Beck’s rally was bigger than the Spongebob and Patrick rally, or so I hear.
Nine million people watch Pat Sajak every night. He should have a rally. (It would have to be over with early. His core audience is in bed by 7:45.)
Glen Beck is a loud mouth trying to shed a different light on past proven history events, He does not mention that a large part of our manufacturing facilities were lost during the Bush admiinstration ,GE moving a large part of their manufacturing to Mexico and Dupont building several plants in China and then turning around and selling them to the Chinese goverment and countless others out sourceing their manufacturing to foreign countries paying low wages in the name of greed.
Nor does he mention that two wars were started during the Bush years under false information costing the tax payers billions upon billions of dallars and the loss of thousands of our men and women in service their lives.
He will have his day on the stage and then will be heard no more and go out like a candle, The American people are too intelligent to fall for all of this rhetoric, some how he is trying to convence the people all of this it is Obama’s fault.

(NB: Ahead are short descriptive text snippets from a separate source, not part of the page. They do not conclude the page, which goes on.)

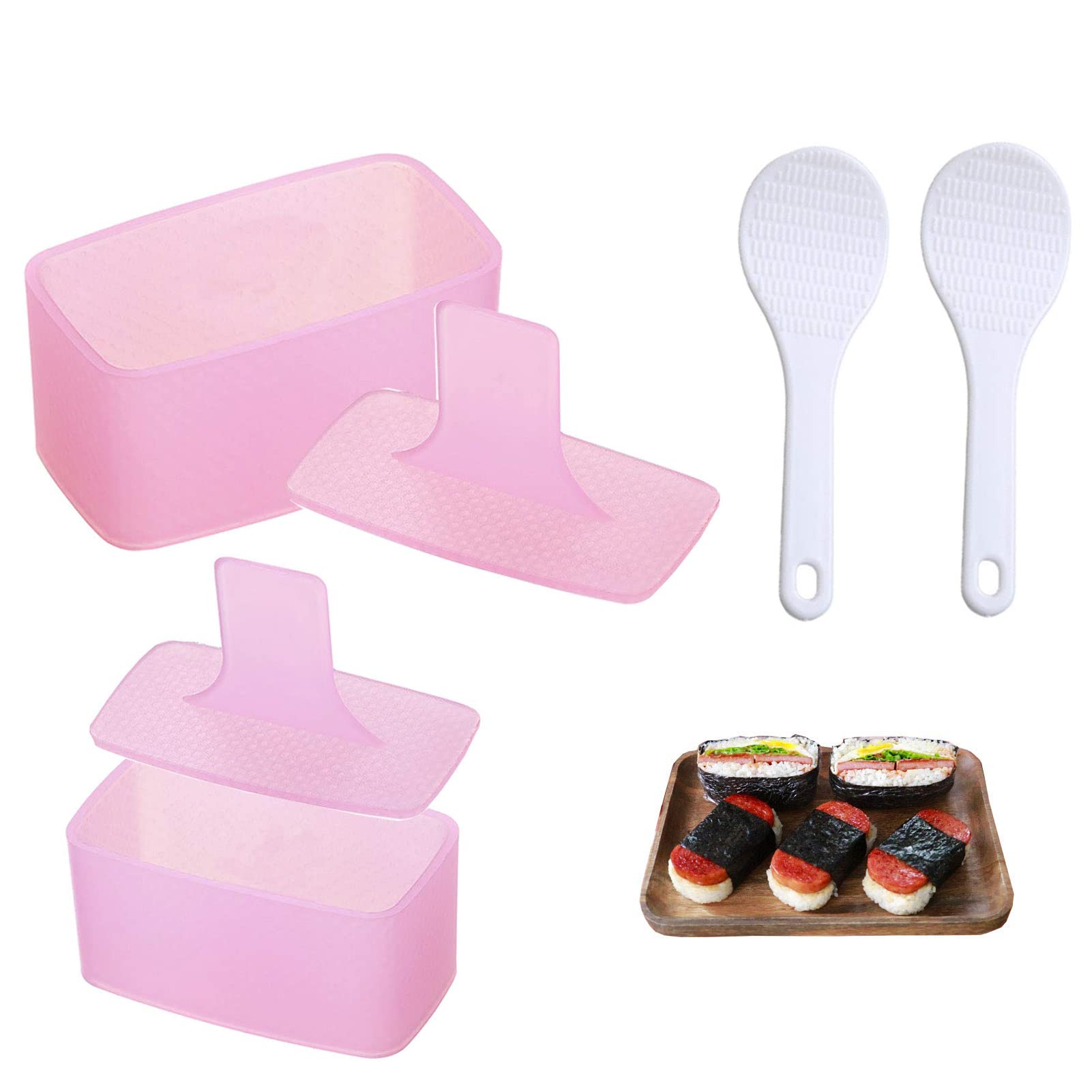 Musubi Maker Press Mold, BPA Free Sushi Making Kit Onigiri Mould with Small Rice Paddle, Non Stick Musubi Mold Hawaiian Musubi Maker for Home Kitchen Restaurant (2 Pack)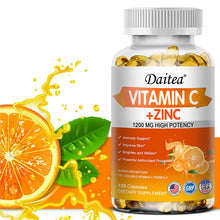 Load image into Gallery viewer, Vitamin C + Zinc Capsules - Immune System Booster Antioxidant Helps Improve Skin Brightening Supports Cellular Energy Production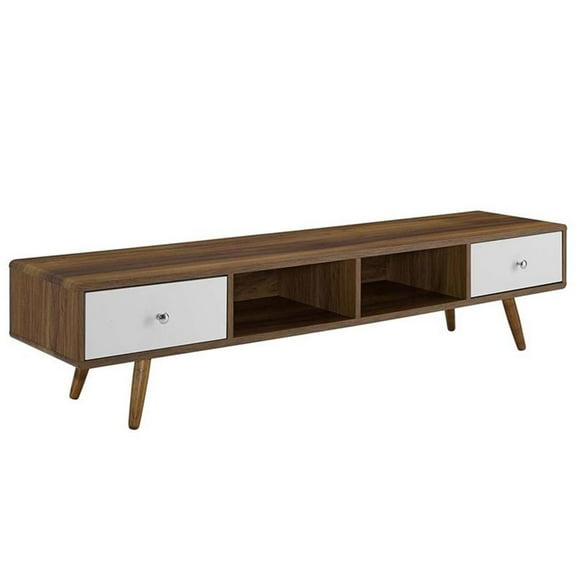 Allora Mid-Century Wood TV Stand for TVs up to 70" in Walnut/White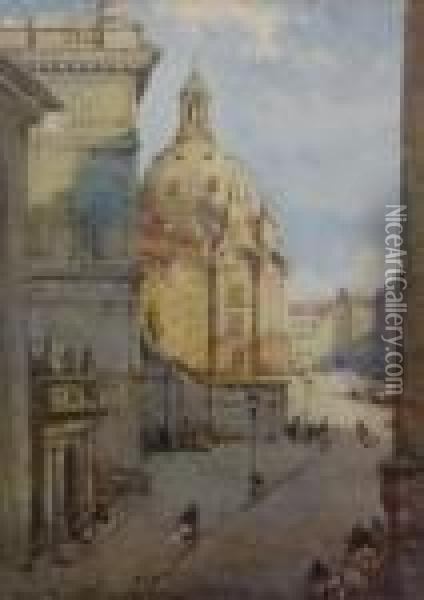 Continental Plazza Oil Painting - Noel Harry Leaver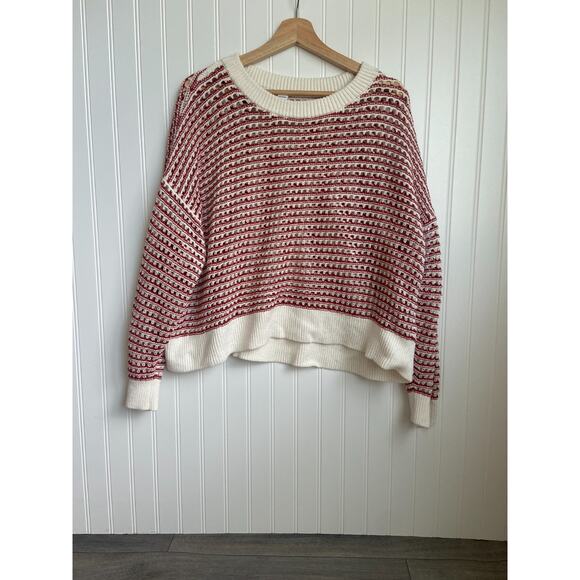 Old Navy Sweater Women's XL Red/White Open Stitch Knitted Nautical - Picture 2 of 5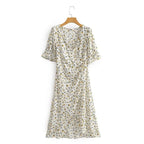 vintage white petal midi dress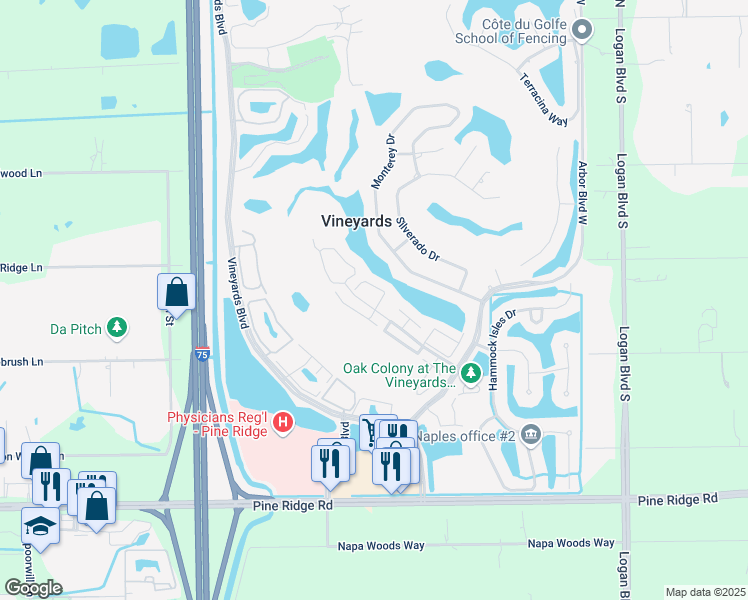 map of restaurants, bars, coffee shops, grocery stores, and more near 265 Napa Ridge Road East in Naples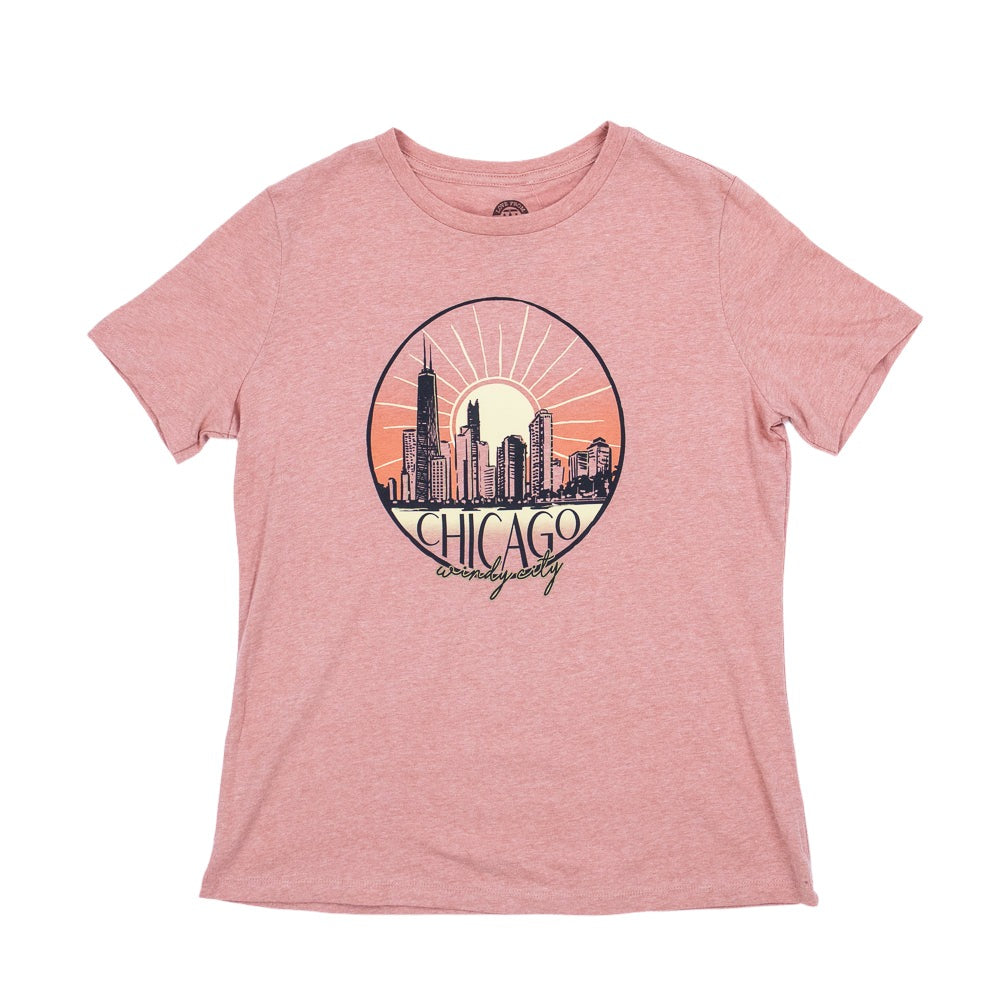 Chicago Skyline Sunset Tee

In due time he will let his mouth over load his you know what and that will be the end, If things are so bad here let him move to another country wishing him bon voyage.
Harold, I hope you’re right, that “The American people are too intelligent to fall for all of this rhetoric.” From your mouth. . . .
What an opportunistic charlatan Beck is. Bottom line, bottom line, bottom line. Forget honor and doing (and saying) what’s right.
Watch MSNBC!!!
At least Spongebob and Patrick are entertaining. But like all the rest, after a while it all gets to be a bit too much and the best idea is to turn off the TV.